WHAT NEEDS TO BE DONE: The data is to be repeated exactly, with the images removed.

SUPPLIED INFORMATION:

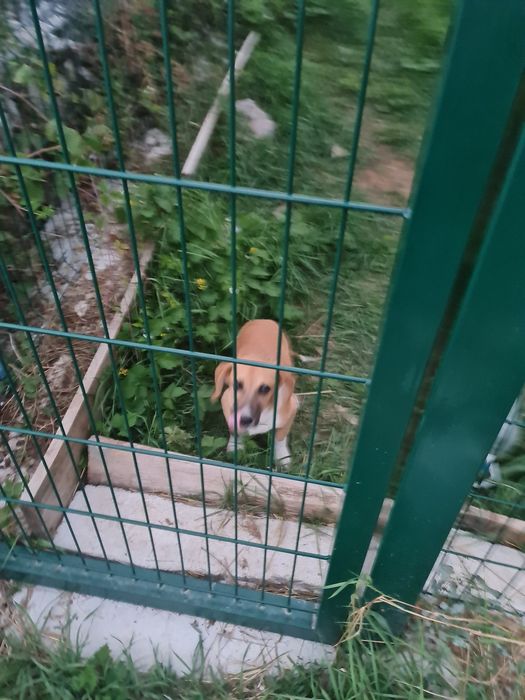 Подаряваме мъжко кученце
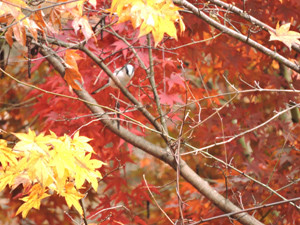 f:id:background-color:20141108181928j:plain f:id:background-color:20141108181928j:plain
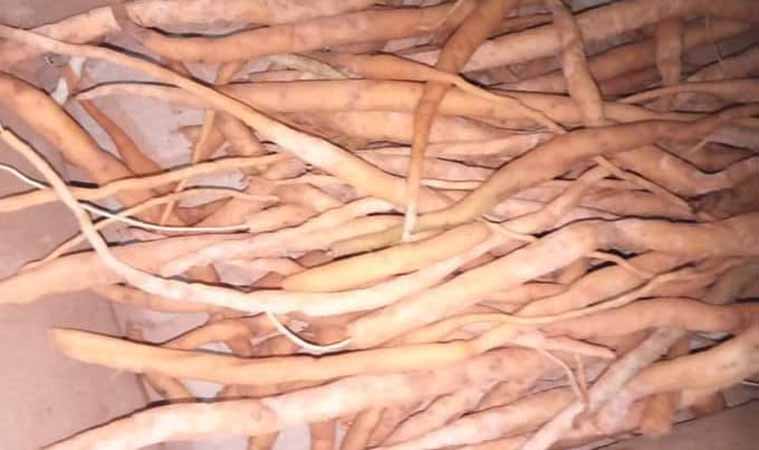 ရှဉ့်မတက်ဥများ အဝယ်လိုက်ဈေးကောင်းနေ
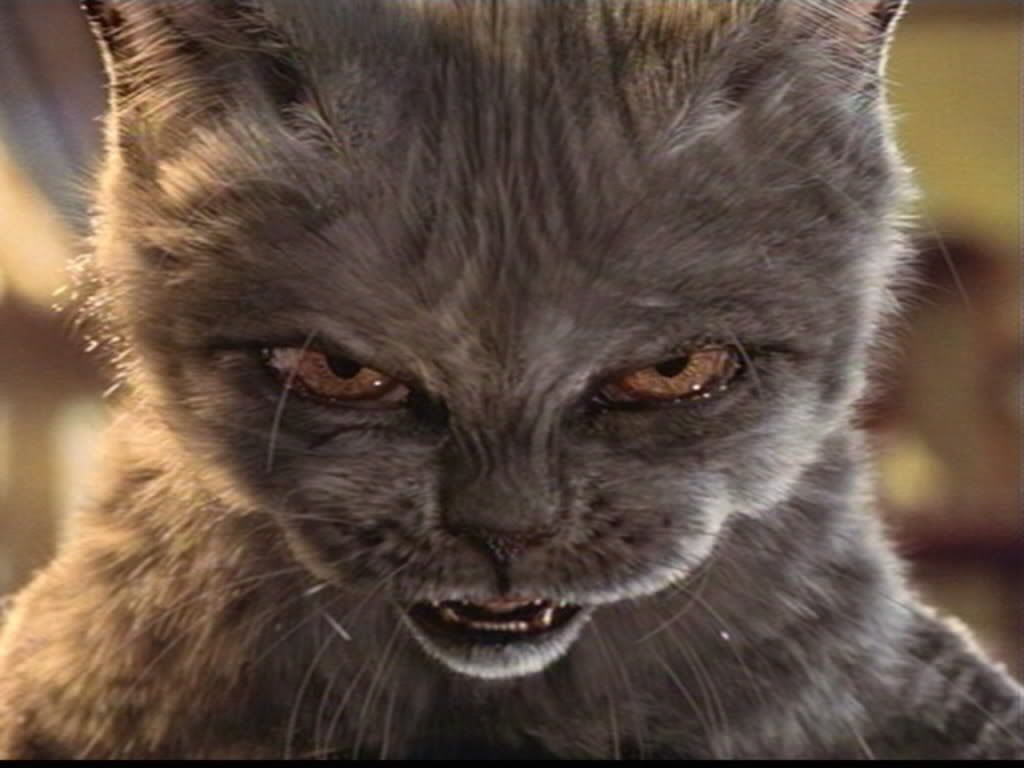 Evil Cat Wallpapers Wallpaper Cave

RESPONSE AREA:
 Подаряваме мъжко кученце
 f:id:background-color:20141108181928j:plain f:id:background-color:20141108181928j:plain
 ရှဉ့်မတက်ဥများ အဝယ်လိုက်ဈေးကောင်းနေ
 Evil Cat Wallpapers Wallpaper Cave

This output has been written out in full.